Dubious distinction to achieve?
We the people of India may not have felt proud on World Population Day, which was celebrated on July 11. India is the world’s second most populous country after China. However, India occupies just 2.4 % of world’s land surface, despite being home to 17.5% of the world’s population. India stood at 1.21 billion on March 31, 2011, which has now risen to 1.27 billion. We have increased our population by 6.5 crore during last 51 months. India’s land share stands sixth after Australia. Seemingly there is no decline in population growth, as we are growing at a rate of 1.6 % per annum. Are India’s citizens willing to appreciate the dubious recognition of being the world’s most populous country by 2050?
As per UNICEF data, our population stood at 1260 million in 2012, as against 1350 million in China. In 2050, these numbers are expected to rise to 1691 million for India against 1311 million for China. The ten most populated countries are China, India, US, Indonesia, Brazil, Pakistan, Nigeria, Bangladesh, Russia and Japan. It is expected that in 2050 the club of the ten most populous countries would have the two new members Congo and Ethiopia. They will find their place by replacing Russia and Japan. As per UNICEF data in respect of an annual population growth during 1990-2007, the figure for India stood at 1.8% and 0.9% for China. The USA witnessed a similar growth rate at 1%, Nigeria 2.6%, Pakistan 2.2 %, Bangladesh 2% , Japan 0.2% and Russia (–) 0.2 %.
It is certain that the future population growth will be in the world’s less developed countries. The quantum of such an increase in population is going to be surprising as well as alarming. In 1950, the total population of such countries was 1.7 billion or two-thirds of the world’s total population, whereas it will soon touch 8 billion, 86% of world’s total population. The main factors responsible for such a population explosion in these countries are low income, high economic vulnerability and poor human indicators.
The most densely populated regions in our country are the Gangetic plains, eastern and western coastal regions of the southern plateau. Meanwhile, the Thar desert in Rajasthan is the most populated desert in the world. Due to poverty, illiteracy, hunger, high fertility rate, rapid decline in the death rate and immigration from the two neighbouring countries-Nepal and Bangladesh, India’s population is rapidly growing. We have been recording at least 60 births a minute in the country.
The states of UP, Maharashtra, Bihar, West Bengal, Andhra Pradesh, MP, Tamil Nadu, Rajasthan, Karnataka and Gujarat are the ten top states in order of the highest population in the country. Of these ten states, the population of a few states is higher than the population of many countries in the world. The population of UP stands equal to that of Brazil. Similarly, Maharashtra stands toe to toe with Mexico and the population of Bihar today has surpassed that of Germany.

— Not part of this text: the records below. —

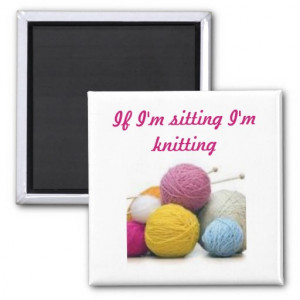 Knitting quotes fridge magnet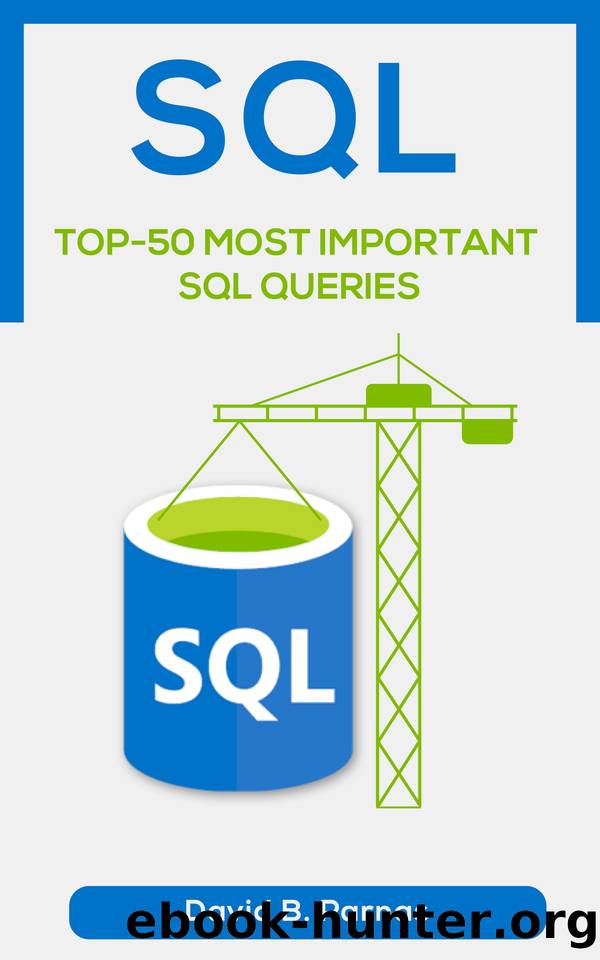 TOP-50 MOST IMPORTANT SQL QUERIES: How to Use SQL To Work With Data In A Relational Database Today. (SQL Skills Book 1) by David B. Parnas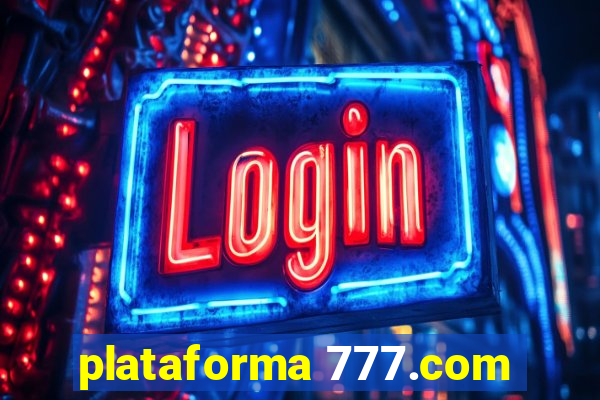 plataforma 777.com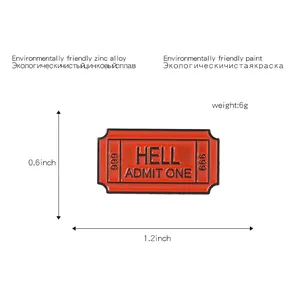 Creative 666 HELL ADMIT ONE red enamel ticket pin in zinc alloy for denim bags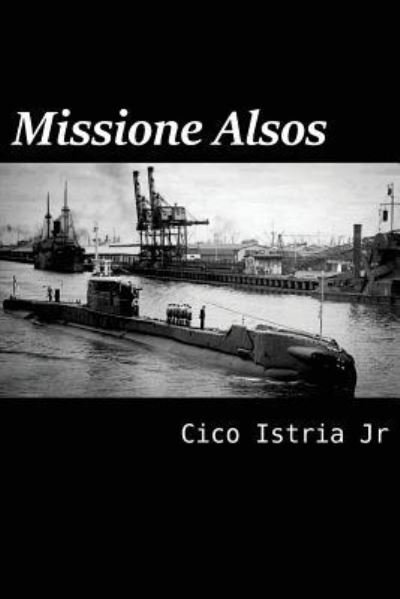 Cover for Cico Istria Jr · Missione Alsos (Pocketbok) (2016)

The combined population percentage of only seven states in the country– UP (16.49 %), Maharashtra (9.28 %), Bihar (8.58 %) , West Bengal (7.55 % ), Tamil Nadu (5.96%) and Rajasthan (5.67 %) comes to around 54 percent of India’s total population. The population growth rate of many highly populated states had been between 5 to 18 % in previous decades. This is, of course, an alarming sign for the entire nation as our natural resources are limited.
The country’s annual growth has slowed down from 2.15 % to 1.76 %. The decennial growth rate in 2001 was 21.15 %, which was soon restricted to 17.64 % in 2011.
All states except Tamil Nadu and Chhattisgarh have shown a decline in the decennial growth rate of 2011. With respect to Tamil Nadu, it increased from 11.72 % in 2001 to 15.60 % in 2011. For Chhattisgarh the hike was recorded from 18.27 % to 22.59 % respectively. There has been a satisfactory decline in the decennial growth rate percentage from 1971 onwards- 24.80, 24.66, 23.87, 21.54 and 17.64 in 1971, 1981, 1991, 2001 and 2011 respectively. When we refer to the progressive growth rate over India’s population in 1901, one may notice the growth percentage of 84.25, 129.94, 186.64, 255.05, 331.52 and 407.64 in 1961, 1971, 1981, 1991, 2001, and 2011 respectively. Even with the current declining trend in the decennial growth rate our country is bound to overtake China in the coming decades. Such a scenario requires close introspection of our population stabilisation programme. It is true that coercive efforts like in China will not bring any positive result. Hence, it is time to conduct in-depth deliberations.